▼▼▼
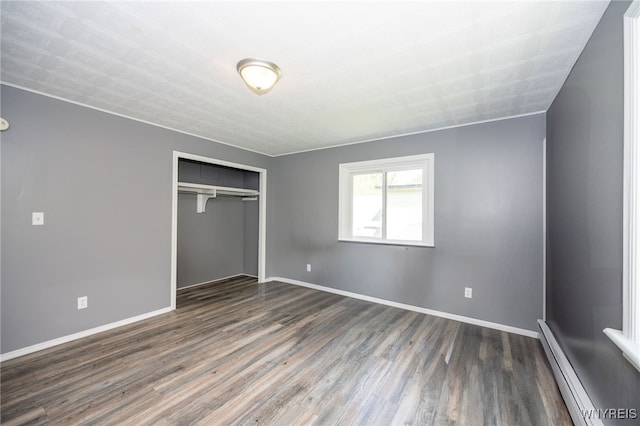 6817 Revere Dr, Evans, NY 14047 - unfurnished bedroom featuring baseboard heating, wood finished floors, and a closet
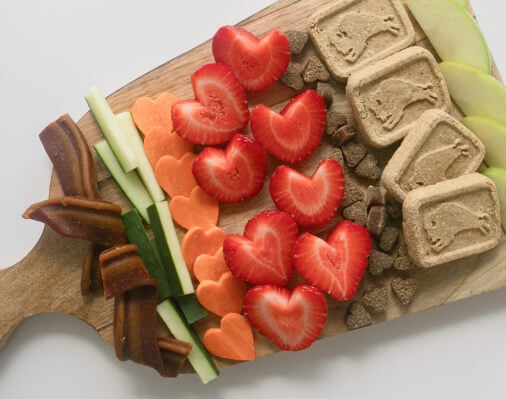 A wooden board with an assortment of dog treats and fruits and vegetables arranged in a visually appealing way.  The treats appear to be Blue Buffalo brand.  The fruits and vegetables include strawberries, apples, carrots, and cucumbers.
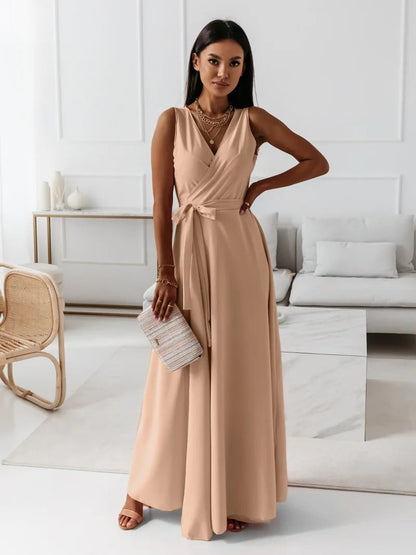 Long-sleeve maxi dress with a wrap design, featuring a flowing silhouette and a modest neckline. 4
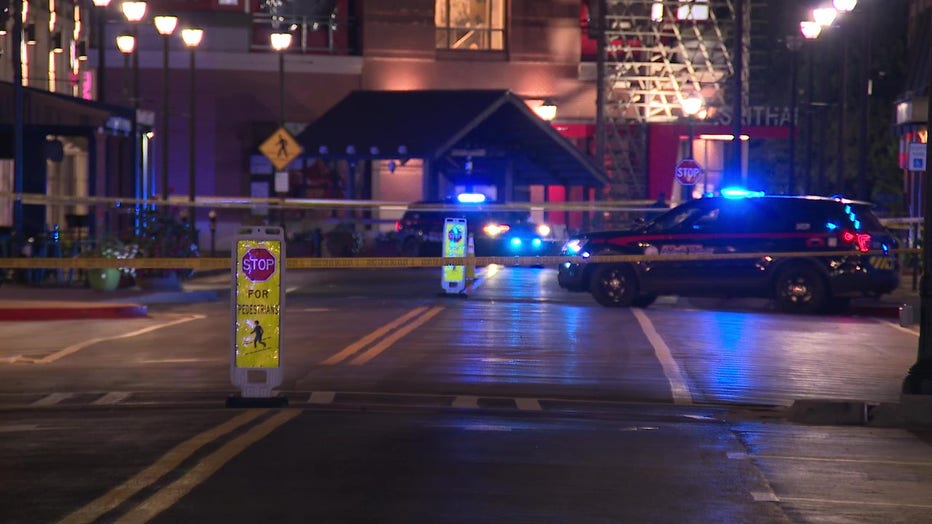 Police investigate a shooting outside the movie theater at Atlantic Station in Atlanta on Oct. 8, 2022.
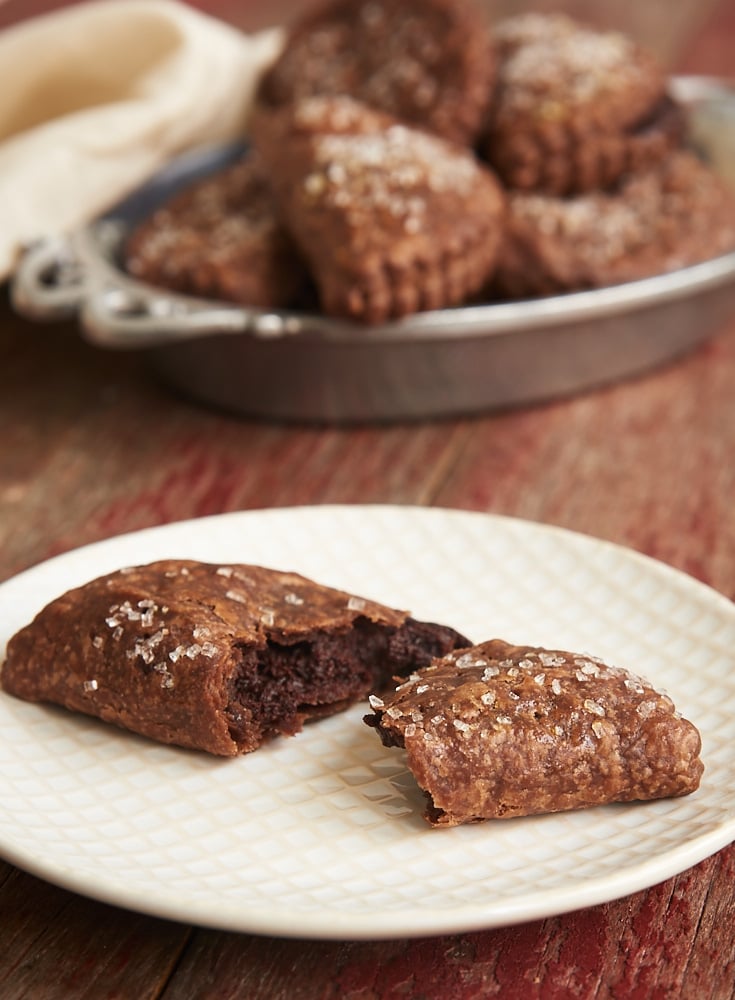 These Chocolate Hand Pies feature a rich, fudgy filling wrapped inside chocolate pie crust. Chocolate lovers will devour these! - Bake or Break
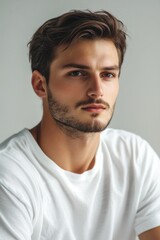 Fototapeta premium Portrait of a young man with clean-shaven face, looking off to the side. He has short brown hair and is wearing casual attire suitable for fashion or lifestyle branding.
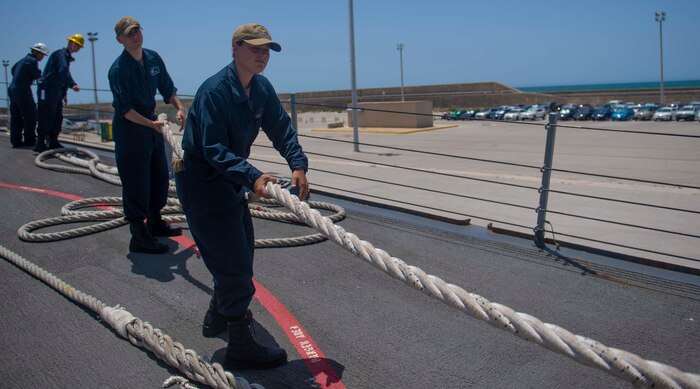 200623-N-KY668-1040 NAVAL STATION ROTA, Spain (June 23, 2020) Boatswain's Mate Seaman Michelle A. Bonner heaves around a line on the foc’s’le aboard the Arleigh Burke-class guided-missile destroyer USS Roosevelt (DDG 80), June 23, 2020. Roosevelt, forward-deployed to Rota, Spain, is on its first patrol in the U.S. 6th Fleet area of operations in support of regional allies and partners and U.S. national security interests in Europe and Africa. (U.S. Navy photo by Mass Communication Specialist Seaman Austin G. Collins/Released)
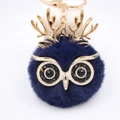 Vue macro d'un porte-clés hibou en fourrure bleu marine avec des bois dorés - Porte-clés Doré / Bleu Marine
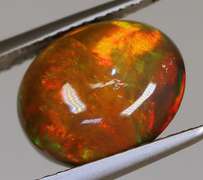 Magnificent 2.05ct full body flashing Black Opal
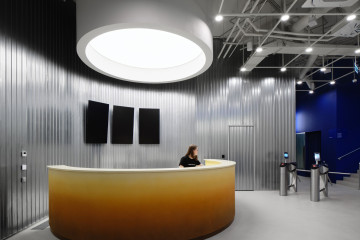 Futuristic reception and gym interior at Gate-X Fitness Club in Moscow
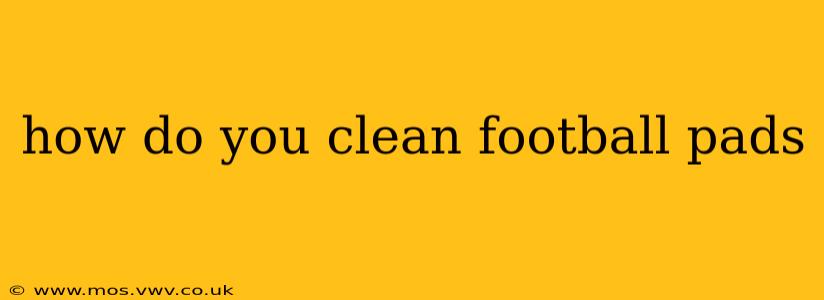 how do you clean football pads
▲▲▲
# [TASK DIRECTIONS]
Going through the records above line by line, transcribe each one exactly and skip any pictures.

# [OUTPUT FOR THIS TASK]
 6817 Revere Dr, Evans, NY 14047 - unfurnished bedroom featuring baseboard heating, wood finished floors, and a closet
 A wooden board with an assortment of dog treats and fruits and vegetables arranged in a visually appealing way.  The treats appear to be Blue Buffalo brand.  The fruits and vegetables include strawberries, apples, carrots, and cucumbers.
 Long-sleeve maxi dress with a wrap design, featuring a flowing silhouette and a modest neckline. 4
 Police investigate a shooting outside the movie theater at Atlantic Station in Atlanta on Oct. 8, 2022.
 These Chocolate Hand Pies feature a rich, fudgy filling wrapped inside chocolate pie crust. Chocolate lovers will devour these! - Bake or Break
 Fototapeta premium Portrait of a young man with clean-shaven face, looking off to the side. He has short brown hair and is wearing casual attire suitable for fashion or lifestyle branding.
 200623-N-KY668-1040 NAVAL STATION ROTA, Spain (June 23, 2020) Boatswain's Mate Seaman Michelle A. Bonner heaves around a line on the foc’s’le aboard the Arleigh Burke-class guided-missile destroyer USS Roosevelt (DDG 80), June 23, 2020. Roosevelt, forward-deployed to Rota, Spain, is on its first patrol in the U.S. 6th Fleet area of operations in support of regional allies and partners and U.S. national security interests in Europe and Africa. (U.S. Navy photo by Mass Communication Specialist Seaman Austin G. Collins/Released)
 Vue macro d'un porte-clés hibou en fourrure bleu marine avec des bois dorés - Porte-clés Doré / Bleu Marine
 Magnificent 2.05ct full body flashing Black Opal
 Futuristic reception and gym interior at Gate-X Fitness Club in Moscow
 how do you clean football pads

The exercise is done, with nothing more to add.